和早年的自己重逢

     能安稳地镇日宅在家中的日子所余无多了。 这两天,我在儿子熟睡时的阅读欲望就越发有些贪婪。先后翻过的书,有人称“中国现代文学研究界中的福尔摩斯”(邱忆君语)龚明德先生所著的《旧日笺》(中华书局2013年12月第1版次)和许知远的《那些忧伤的年轻人》(广西师范大学出版社2011年9月第1版次)。

先说一下前者吧。作为一部“民国文人书信考”,它确实用力扎实。幽微的枝节和点滴的勾连背后,是我们所能想见的一位学者的辛劳付出。配图也都大体说得过去,算是对得起“中华书局”这块牌子。

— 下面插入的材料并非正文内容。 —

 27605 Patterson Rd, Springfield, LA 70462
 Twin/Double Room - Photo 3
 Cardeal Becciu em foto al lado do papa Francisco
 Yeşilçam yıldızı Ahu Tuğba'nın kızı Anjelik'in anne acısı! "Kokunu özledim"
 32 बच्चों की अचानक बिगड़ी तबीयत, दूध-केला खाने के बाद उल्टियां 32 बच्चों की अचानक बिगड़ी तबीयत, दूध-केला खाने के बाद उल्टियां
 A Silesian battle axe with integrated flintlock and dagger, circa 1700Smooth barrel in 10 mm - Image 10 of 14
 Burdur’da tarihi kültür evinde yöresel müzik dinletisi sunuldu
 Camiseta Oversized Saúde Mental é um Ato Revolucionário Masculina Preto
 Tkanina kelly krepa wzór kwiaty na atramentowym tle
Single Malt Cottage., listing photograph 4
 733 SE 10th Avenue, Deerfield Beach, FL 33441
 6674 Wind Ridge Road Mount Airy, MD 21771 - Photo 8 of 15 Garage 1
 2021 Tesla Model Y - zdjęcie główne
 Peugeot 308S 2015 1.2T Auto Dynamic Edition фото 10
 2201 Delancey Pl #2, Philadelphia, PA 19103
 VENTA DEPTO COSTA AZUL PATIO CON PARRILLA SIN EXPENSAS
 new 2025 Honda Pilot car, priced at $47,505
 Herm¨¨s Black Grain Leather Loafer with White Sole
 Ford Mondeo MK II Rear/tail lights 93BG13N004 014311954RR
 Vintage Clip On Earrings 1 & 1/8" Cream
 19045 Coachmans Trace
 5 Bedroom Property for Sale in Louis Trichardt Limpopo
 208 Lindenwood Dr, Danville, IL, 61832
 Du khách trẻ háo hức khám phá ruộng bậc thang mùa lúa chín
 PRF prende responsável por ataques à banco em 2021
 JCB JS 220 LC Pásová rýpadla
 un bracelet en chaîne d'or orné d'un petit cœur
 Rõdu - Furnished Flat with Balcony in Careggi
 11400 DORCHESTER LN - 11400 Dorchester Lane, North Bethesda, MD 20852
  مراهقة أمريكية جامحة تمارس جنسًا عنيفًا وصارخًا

龚先生在该书第44页的一句“牢骚”,瞬间就把我的记忆重又唤回了读研时期:“如此生动活泼的中国现代文学史,被一帮毫无情趣的人弄成了让人头痛的‘专业’”——当年,我就曾不止一次地将一些“教授”的煌煌大著随手扔到一边而生出类似浩叹。

龚先生有过二十五年的出版界经历,回归教职后,服务于四川师范大学文学院。也是个先后教过小学、中学和大学的人物。这样的书,值得一读。

至于许知远,相信大家对他都不陌生,这位年长我三岁的著名“公共知识分子”可说是享有盛名的。我这次读到的,是他这本集子的一个“十周年纪念版”。单就文字和思想而言,确实是可见出一点新人试笔的稚嫩的。结合他后来的著述来看,这一点恐更为明显。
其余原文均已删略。